На разных этапах истории литературы представления о данном феномене, его статус, естественно, отличались. Само наименование древнего героического эпоса говорит о приоритете в нем указанной эстетической категории. В поэмах Гомера и Вергилия сохранялось еще первичное значение слова «герой» – сын бога и человека, стремящийся за счет подвига преодолеть свою смертную сущность. Поступки героев лишены аффекта, предсказуемы с самого начала произведения, как правило, не имеют общественного значения: вопрос лишь в божественном признании, в заслуге бессмертия. Именно так воспринимает возможность смерти Ахиллес в «Илиаде» Гомера:
Я выхожу, да главы мне любезной губителя встречу,
Гектора! Смерть же принять готов я, когда ни рассудят
Здесь мне назначить ее всемогущий Кронион и боги!
Смерти не мог избежать ни Геракл, из мужей величайший,
Как ни любезен он был громоносному Зевсу Крониду;
Мощного рок одолел и вражда непреклонная Геры.
Так же и я, коль назначена доля мне равная, лягу,
Где суждено; но сияющей славы я прежде добуду!
[121] Пер. Н. Гнедича.
В произведении Гомера присутствуют несколько формул-«узлов» в повествовании о смерти: ее пророчество, ряд подвигов, сопоставление божественного и земного планов, последние слова умирающего, реакция родных и друзей героя на его кончину.
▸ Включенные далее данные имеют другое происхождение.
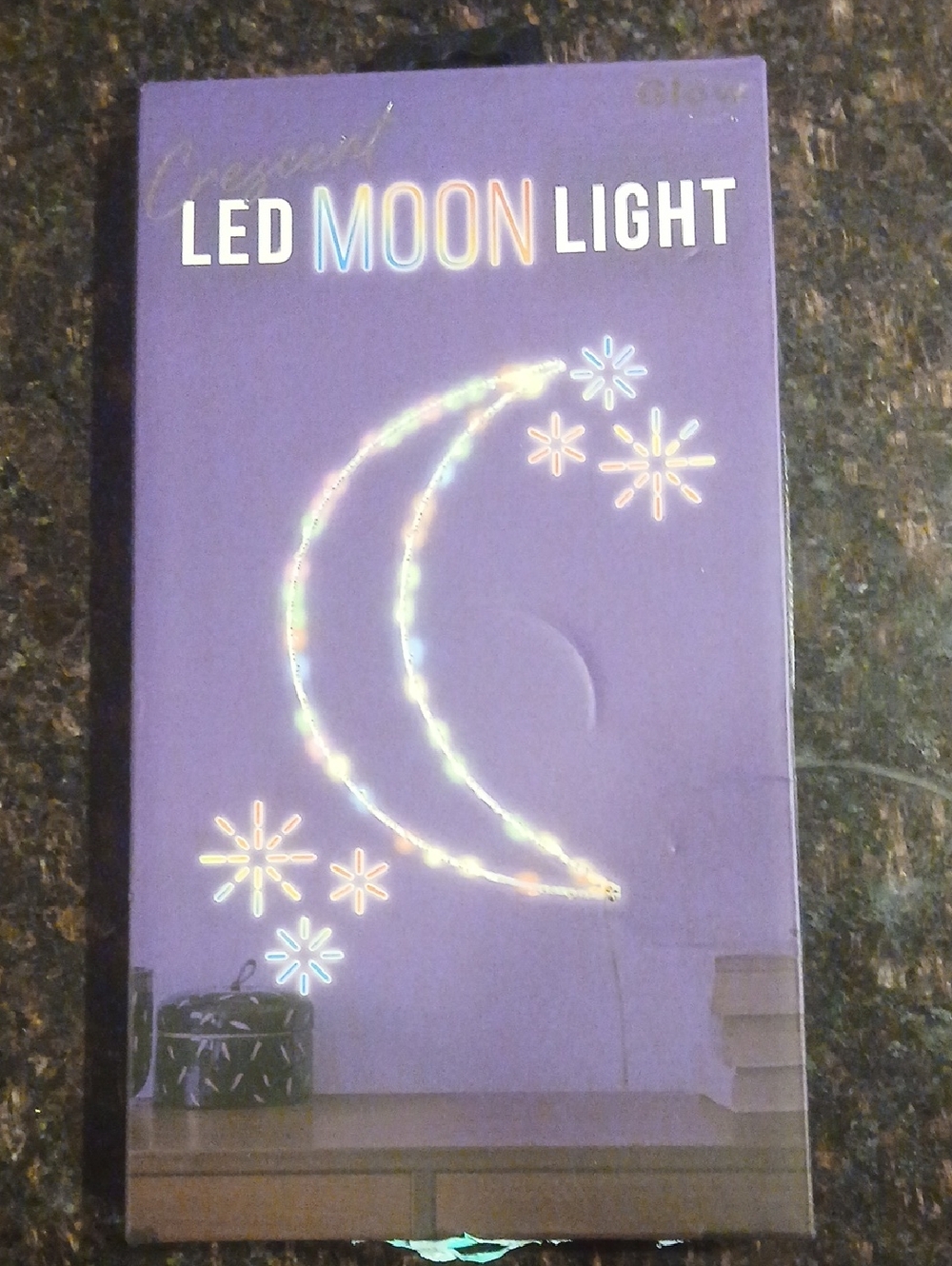 LED Moon Light Wall Décor - Purple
Танатологическое пророчество произносится или рассказчиком, или как обещание со стороны врагов на разном удалении от самой гибели героя и является свидетельством ее предрешенности. Подвиги описываются подробно, с элементами натурализма, например:
Там Сфенелая сразил, Ифеменова храброго сына,
Камнем ударивши в выю и жилы расторгнувши обе.
Однако в этом натурализме нет отвращения, признака низменного; подробности выглядят как «эффект реальности», знаки, значением которых является утверждение факта события, его достоверности (см. [Барт 1994: 392–393]). Через перечисление вариантов ударов и типов ран, различного оружия, уловок и т. д., подкрепленных слабой мотивировкой смертоубийства, создается ощущение боя ради боя, ради славы, инстинктивного комплекса «радости сражения».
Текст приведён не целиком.